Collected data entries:

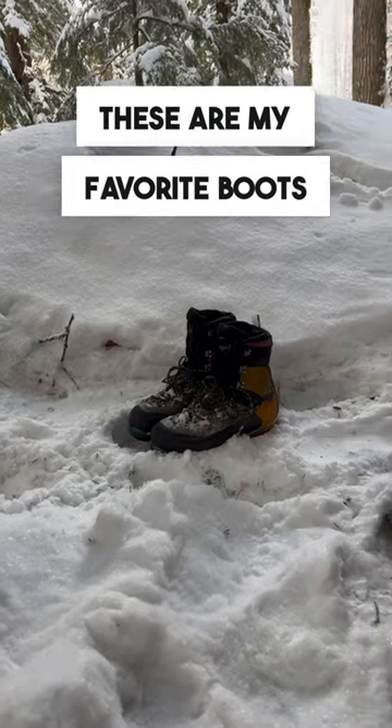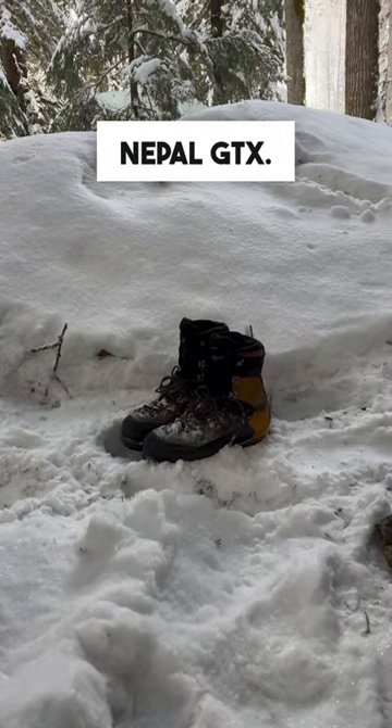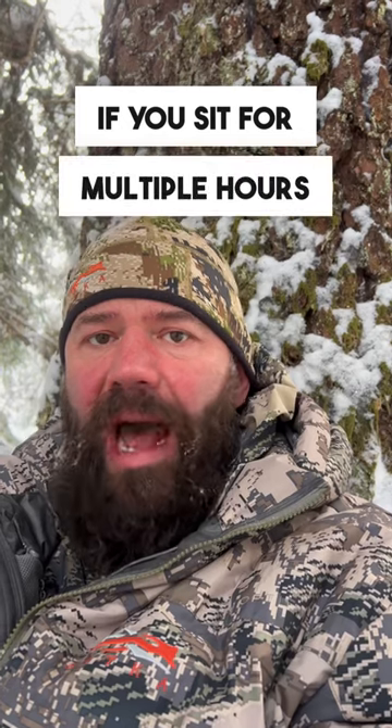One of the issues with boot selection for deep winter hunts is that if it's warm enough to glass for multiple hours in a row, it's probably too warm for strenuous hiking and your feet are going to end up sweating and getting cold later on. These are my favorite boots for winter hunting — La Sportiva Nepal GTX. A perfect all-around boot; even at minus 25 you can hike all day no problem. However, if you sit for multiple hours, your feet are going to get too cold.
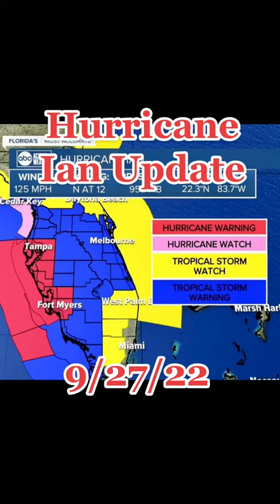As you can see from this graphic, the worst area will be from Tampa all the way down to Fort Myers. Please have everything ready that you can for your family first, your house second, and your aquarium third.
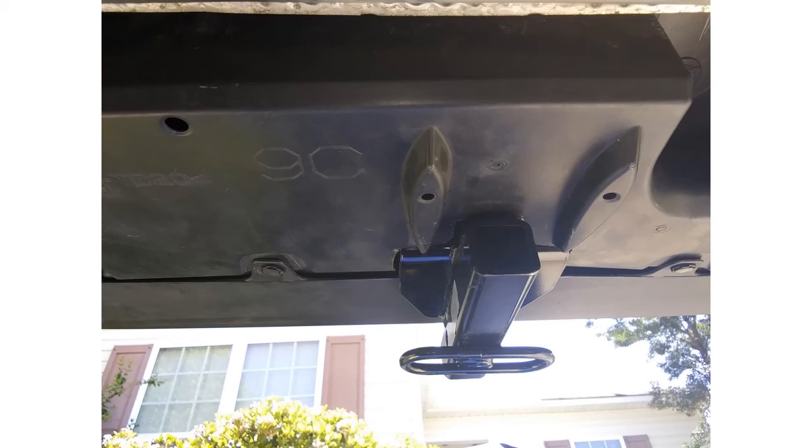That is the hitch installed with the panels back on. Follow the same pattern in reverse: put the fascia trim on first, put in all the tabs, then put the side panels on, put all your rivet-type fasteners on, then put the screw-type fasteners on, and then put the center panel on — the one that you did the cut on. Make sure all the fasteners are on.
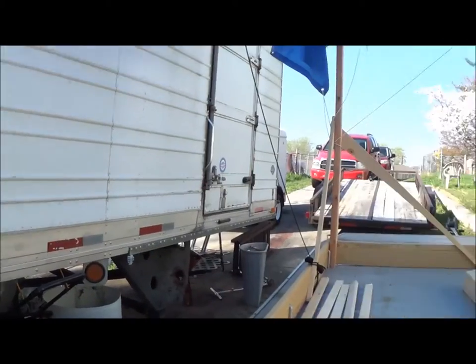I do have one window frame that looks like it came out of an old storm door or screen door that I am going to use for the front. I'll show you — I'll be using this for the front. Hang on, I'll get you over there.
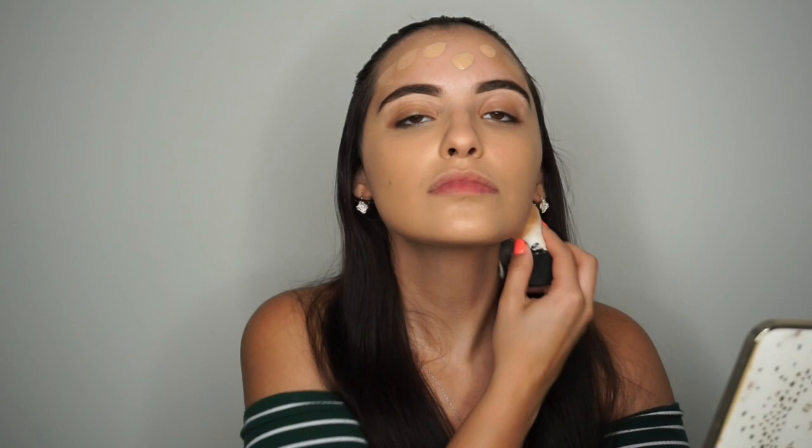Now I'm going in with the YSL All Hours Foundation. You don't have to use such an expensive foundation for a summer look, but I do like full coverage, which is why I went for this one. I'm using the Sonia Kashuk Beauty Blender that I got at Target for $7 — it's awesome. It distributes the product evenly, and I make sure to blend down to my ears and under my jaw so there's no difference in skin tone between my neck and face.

Exercise directions:
Reproduce every record above exactly, but leave out the pictures.

Response:
One of the issues with boot selection for deep winter hunts is that if it's warm enough to glass for multiple hours in a row, it's probably too warm for strenuous hiking and your feet are going to end up sweating and getting cold later on. These are my favorite boots for winter hunting — La Sportiva Nepal GTX. A perfect all-around boot; even at minus 25 you can hike all day no problem. However, if you sit for multiple hours, your feet are going to get too cold.
As you can see from this graphic, the worst area will be from Tampa all the way down to Fort Myers. Please have everything ready that you can for your family first, your house second, and your aquarium third.
That is the hitch installed with the panels back on. Follow the same pattern in reverse: put the fascia trim on first, put in all the tabs, then put the side panels on, put all your rivet-type fasteners on, then put the screw-type fasteners on, and then put the center panel on — the one that you did the cut on. Make sure all the fasteners are on.
I do have one window frame that looks like it came out of an old storm door or screen door that I am going to use for the front. I'll show you — I'll be using this for the front. Hang on, I'll get you over there.
Now I'm going in with the YSL All Hours Foundation. You don't have to use such an expensive foundation for a summer look, but I do like full coverage, which is why I went for this one. I'm using the Sonia Kashuk Beauty Blender that I got at Target for $7 — it's awesome. It distributes the product evenly, and I make sure to blend down to my ears and under my jaw so there's no difference in skin tone between my neck and face.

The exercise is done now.